- Task objective
In the records below, find every line that contains "Beach" and list it.

- Supplied data
= Beginning of Section =

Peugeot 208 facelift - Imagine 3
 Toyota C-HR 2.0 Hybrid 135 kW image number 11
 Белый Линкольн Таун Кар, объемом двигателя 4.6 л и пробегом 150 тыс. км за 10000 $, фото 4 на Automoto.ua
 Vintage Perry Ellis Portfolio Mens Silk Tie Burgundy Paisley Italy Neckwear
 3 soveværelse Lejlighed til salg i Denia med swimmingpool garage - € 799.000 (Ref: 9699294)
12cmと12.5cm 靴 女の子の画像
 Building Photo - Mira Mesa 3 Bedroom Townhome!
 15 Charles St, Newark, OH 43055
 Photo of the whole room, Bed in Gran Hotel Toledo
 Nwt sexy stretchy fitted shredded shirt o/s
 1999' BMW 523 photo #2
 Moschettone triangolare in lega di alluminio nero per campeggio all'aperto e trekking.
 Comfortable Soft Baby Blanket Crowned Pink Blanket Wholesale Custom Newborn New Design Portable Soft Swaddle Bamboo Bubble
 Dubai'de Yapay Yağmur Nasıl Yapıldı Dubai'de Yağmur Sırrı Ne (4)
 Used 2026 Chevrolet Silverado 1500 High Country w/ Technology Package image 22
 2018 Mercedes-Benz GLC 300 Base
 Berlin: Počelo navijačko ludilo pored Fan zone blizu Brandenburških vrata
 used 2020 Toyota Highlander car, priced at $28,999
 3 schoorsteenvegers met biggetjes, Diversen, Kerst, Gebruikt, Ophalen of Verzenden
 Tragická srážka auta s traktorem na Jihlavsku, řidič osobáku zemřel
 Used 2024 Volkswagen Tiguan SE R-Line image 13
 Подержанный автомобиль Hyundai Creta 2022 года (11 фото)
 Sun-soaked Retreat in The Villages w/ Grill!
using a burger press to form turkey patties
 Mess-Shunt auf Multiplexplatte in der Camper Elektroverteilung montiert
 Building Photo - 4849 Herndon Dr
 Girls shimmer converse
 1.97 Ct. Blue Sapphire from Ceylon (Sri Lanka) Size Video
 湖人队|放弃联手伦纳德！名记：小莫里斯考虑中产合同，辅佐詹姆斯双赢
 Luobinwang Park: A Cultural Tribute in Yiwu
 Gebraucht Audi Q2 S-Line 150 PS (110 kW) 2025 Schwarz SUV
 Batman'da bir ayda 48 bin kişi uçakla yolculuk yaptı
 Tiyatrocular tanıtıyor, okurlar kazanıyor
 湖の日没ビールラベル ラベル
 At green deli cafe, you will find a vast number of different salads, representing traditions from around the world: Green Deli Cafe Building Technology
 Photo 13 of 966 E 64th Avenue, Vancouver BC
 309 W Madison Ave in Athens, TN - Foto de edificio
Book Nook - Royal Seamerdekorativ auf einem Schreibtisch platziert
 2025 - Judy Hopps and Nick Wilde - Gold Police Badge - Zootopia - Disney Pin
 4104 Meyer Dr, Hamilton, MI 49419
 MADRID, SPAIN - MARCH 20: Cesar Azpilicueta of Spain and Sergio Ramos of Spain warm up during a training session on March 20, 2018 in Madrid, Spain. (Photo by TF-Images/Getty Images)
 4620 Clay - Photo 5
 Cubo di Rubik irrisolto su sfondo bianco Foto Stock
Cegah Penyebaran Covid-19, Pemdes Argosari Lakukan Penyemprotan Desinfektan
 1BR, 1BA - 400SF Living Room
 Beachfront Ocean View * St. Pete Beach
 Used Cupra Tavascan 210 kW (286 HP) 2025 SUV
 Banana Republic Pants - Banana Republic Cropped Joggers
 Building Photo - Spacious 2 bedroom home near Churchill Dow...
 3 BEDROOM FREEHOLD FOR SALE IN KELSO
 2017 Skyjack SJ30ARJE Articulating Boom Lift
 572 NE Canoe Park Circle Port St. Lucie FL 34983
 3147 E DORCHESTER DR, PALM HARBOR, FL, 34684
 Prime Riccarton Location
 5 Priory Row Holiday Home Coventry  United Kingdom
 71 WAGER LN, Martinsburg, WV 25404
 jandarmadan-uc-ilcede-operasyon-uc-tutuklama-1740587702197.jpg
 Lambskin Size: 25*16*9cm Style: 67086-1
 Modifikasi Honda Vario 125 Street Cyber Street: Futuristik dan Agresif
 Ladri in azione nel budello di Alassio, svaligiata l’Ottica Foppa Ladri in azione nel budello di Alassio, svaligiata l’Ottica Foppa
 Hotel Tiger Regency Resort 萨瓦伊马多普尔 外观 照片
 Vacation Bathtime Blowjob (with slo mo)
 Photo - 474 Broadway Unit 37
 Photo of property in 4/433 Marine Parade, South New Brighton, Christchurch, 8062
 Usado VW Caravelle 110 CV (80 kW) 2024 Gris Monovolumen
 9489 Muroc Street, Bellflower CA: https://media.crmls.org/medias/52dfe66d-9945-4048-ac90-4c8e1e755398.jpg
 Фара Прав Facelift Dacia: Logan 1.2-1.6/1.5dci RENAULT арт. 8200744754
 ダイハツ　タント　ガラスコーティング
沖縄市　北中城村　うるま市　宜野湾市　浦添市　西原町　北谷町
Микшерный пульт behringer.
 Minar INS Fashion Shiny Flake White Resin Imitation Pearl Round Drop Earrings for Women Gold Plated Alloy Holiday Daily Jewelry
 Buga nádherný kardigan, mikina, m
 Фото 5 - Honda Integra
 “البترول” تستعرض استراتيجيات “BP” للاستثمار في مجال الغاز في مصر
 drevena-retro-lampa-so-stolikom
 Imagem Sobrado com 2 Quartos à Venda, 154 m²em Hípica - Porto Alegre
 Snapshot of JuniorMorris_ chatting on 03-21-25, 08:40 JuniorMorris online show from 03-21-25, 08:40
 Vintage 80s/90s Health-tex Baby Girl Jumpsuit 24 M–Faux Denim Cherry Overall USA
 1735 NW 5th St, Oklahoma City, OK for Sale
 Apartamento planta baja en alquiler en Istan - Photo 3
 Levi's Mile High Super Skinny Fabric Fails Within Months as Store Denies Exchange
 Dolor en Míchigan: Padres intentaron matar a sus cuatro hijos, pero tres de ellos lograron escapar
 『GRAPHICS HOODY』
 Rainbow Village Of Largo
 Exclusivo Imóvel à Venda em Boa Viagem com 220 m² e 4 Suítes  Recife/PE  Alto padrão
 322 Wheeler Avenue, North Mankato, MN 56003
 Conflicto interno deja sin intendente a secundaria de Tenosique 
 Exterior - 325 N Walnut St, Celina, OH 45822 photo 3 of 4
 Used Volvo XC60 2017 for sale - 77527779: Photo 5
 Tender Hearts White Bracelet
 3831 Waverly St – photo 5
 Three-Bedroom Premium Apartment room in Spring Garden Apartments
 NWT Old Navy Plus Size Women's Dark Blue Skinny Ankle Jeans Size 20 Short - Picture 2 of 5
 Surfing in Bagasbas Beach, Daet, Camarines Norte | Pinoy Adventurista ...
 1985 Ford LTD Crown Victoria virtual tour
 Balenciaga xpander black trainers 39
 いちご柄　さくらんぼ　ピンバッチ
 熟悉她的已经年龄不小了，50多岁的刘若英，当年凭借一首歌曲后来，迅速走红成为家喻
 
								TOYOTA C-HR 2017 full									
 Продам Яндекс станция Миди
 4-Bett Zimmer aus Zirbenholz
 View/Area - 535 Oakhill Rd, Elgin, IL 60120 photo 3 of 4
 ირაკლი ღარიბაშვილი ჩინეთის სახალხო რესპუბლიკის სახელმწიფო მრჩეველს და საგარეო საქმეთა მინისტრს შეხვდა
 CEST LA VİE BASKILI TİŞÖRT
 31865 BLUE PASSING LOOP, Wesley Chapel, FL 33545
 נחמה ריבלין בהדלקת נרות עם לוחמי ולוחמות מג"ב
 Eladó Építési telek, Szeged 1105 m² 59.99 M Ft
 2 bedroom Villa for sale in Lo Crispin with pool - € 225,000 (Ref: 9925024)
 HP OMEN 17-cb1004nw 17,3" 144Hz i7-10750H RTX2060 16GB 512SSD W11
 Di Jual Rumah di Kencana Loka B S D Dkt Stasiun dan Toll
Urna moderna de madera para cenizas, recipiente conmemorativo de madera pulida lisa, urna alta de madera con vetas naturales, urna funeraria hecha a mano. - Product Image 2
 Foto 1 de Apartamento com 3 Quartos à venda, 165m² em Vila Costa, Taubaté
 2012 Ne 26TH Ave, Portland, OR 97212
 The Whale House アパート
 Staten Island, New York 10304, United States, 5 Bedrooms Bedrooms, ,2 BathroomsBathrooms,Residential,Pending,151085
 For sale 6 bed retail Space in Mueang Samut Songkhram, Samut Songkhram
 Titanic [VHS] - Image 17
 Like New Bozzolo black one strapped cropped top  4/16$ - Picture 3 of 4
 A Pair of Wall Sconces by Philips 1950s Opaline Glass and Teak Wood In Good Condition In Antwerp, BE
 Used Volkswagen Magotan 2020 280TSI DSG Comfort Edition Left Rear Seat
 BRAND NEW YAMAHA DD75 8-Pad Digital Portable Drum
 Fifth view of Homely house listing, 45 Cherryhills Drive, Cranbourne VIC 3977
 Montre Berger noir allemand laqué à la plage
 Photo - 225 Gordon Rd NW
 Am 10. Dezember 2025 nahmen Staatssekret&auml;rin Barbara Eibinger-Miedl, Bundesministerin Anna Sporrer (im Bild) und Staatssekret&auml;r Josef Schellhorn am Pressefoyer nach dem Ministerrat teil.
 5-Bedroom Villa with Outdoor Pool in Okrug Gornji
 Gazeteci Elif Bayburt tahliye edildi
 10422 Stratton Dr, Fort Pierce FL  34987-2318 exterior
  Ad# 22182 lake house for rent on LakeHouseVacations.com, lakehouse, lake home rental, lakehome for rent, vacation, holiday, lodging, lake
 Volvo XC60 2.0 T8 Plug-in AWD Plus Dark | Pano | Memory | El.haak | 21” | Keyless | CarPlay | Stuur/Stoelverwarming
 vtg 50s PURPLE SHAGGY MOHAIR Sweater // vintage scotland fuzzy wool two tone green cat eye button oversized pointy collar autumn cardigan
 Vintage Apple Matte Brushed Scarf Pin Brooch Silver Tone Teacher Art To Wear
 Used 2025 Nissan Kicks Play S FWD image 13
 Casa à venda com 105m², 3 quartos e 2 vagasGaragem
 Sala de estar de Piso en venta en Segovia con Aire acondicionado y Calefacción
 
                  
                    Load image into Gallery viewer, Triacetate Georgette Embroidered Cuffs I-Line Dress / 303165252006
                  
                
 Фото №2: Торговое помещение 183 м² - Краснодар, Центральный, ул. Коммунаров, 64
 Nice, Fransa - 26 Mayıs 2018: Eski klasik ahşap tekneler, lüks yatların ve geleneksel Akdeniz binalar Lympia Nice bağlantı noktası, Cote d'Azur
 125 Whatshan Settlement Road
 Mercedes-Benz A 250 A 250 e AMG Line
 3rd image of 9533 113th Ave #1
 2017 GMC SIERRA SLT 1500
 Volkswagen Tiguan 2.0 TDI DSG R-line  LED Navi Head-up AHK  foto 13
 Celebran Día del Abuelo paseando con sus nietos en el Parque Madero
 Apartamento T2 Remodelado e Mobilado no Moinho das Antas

= End of Section =

- Result of this task
 Beachfront Ocean View * St. Pete Beach
 Surfing in Bagasbas Beach, Daet, Camarines Norte | Pinoy Adventurista ...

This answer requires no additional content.